Jérusalem, le 5 avril 2026, WAFA – Les mesures et restrictions de l'occupation israélienne ont marqué les célébrations de Pâques à Jérusalem cette année, empêchant les chrétiens palestiniens d'accéder à l'église du Saint-Sépulcre. La police israélienne a établi des points de contrôle militaires et des barrières métalliques le long des routes menant à l'église et a fouillé certains fidèles autorisés à s'en approcher.

Le patriarche latin de Jérusalem, le cardinal Pierbattista Pizzaballa, est arrivé peu après l'aube, accompagné de plusieurs ecclésiastiques.
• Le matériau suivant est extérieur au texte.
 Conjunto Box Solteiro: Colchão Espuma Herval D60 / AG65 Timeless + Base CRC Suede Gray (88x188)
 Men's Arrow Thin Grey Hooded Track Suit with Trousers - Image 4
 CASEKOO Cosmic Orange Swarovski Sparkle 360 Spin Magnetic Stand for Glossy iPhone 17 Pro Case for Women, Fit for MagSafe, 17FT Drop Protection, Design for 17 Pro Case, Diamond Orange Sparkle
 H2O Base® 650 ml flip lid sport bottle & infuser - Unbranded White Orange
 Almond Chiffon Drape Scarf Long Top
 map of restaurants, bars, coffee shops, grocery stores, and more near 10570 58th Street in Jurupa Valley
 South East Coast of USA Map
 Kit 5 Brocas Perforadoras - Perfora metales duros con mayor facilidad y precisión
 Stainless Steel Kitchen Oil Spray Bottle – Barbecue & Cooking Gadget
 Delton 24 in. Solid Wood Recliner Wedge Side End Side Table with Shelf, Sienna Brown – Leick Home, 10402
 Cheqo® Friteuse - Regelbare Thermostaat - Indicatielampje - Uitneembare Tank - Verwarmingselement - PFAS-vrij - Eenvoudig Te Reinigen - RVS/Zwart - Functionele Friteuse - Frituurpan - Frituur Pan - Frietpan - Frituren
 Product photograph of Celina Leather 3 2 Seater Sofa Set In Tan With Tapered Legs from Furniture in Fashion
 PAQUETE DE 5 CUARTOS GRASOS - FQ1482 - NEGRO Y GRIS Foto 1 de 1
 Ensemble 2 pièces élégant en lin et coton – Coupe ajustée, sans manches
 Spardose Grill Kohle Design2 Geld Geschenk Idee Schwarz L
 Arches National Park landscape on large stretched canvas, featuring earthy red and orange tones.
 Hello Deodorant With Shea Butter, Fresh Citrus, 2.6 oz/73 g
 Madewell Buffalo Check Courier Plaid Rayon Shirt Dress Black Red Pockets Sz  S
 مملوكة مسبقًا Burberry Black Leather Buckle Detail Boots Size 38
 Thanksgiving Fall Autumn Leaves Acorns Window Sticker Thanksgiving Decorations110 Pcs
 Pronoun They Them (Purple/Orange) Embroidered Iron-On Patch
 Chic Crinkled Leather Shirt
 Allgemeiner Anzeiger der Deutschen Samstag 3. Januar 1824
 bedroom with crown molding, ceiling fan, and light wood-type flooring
Il a salué les personnes présentes et leur a présenté ses vœux de Pâques, puis a célébré la messe à huis clos dans l'église du Saint-Sépulcre devant un nombre très restreint de fidèles, dans une atmosphère bien différente des célébrations pascales des années précédentes.

Des chrétiens qui attendaient à l'extérieur de l'église ont tenté d'entrer, mais les forces d'occupation israéliennes leur en ont interdit l'accès.

Jérusalem est soumise à de strictes mesures militaires depuis le début de la guerre israélo-américaine contre l'Iran. Les autorités d'occupation maintiennent la mosquée Al-Aqsa et l'église du Saint-Sépulcre fermées pour le 37e jour consécutif.

La semaine dernière, le patriarche latin s'est également vu refuser l'accès à l'église pour célébrer le dimanche des Rameaux, provoquant une vague d'indignation et de condamnations.

À Gaza, les chrétiens ont célébré Pâques malgré les conditions humanitaires désastreuses engendrées par la guerre israélienne en cours, même en présence d'un cessez-le-feu.

Les chrétiens ont célébré la messe de Pâques dans l'église historique Saint-Porphyre, au centre de Gaza, qui porte encore les stigmates de la guerre génocidaire israélienne débutée le 7 octobre 2023.

L'église a été touchée à plusieurs reprises durant l'offensive israélienne sur la bande de Gaza, notamment le 19 octobre 2023, lorsque les forces israéliennes ont ciblé l'un de ses bâtiments, tuant 18 chrétiens et musulmans qui s'y étaient réfugiés pour échapper aux frappes aériennes.

L'église a également servi de refuge à des dizaines de familles chrétiennes dont les maisons avaient été endommagées ou entièrement détruites lors de l'offensive israélienne.

Ahmad Tibi, chef de la Liste unifiée et du groupe Changement arabe dans les territoires de 1948, a critiqué la décision de la Cour suprême israélienne concernant les manifestations, affirmant qu'elle confirme le caractère purement politique et raciste des restrictions imposées à la mosquée Al-Aqsa.

M. Tibi a ajouté que la décision de la Cour suprême autorisant des manifestations jusqu'à 600 participants, ainsi que les célébrations de Pourim qui se sont déroulées sans incident, démontrent clairement l'absence de justification sécuritaire aux restrictions imposées à la mosquée Al-Aqsa et constituent une violation flagrante de la liberté de culte.

Il a également souligné que la police israélienne recourt à la violence et à la force contre les fidèles à Bab al-Sahira et aux entrées de l'église du Saint-Sépulcre, tout en fermant les yeux sur d'autres rassemblements juifs, ce qui témoigne d'une application sélective et raciste de la réglementation, motivée uniquement par des considérations politiques et raciales.

Tibi a demandé la réouverture immédiate de la mosquée Al-Aqsa et de l'église du Saint-Sépulcre aux fidèles, ainsi que la reprise des activités du Comité islamique du Waqf au sein de la mosquée.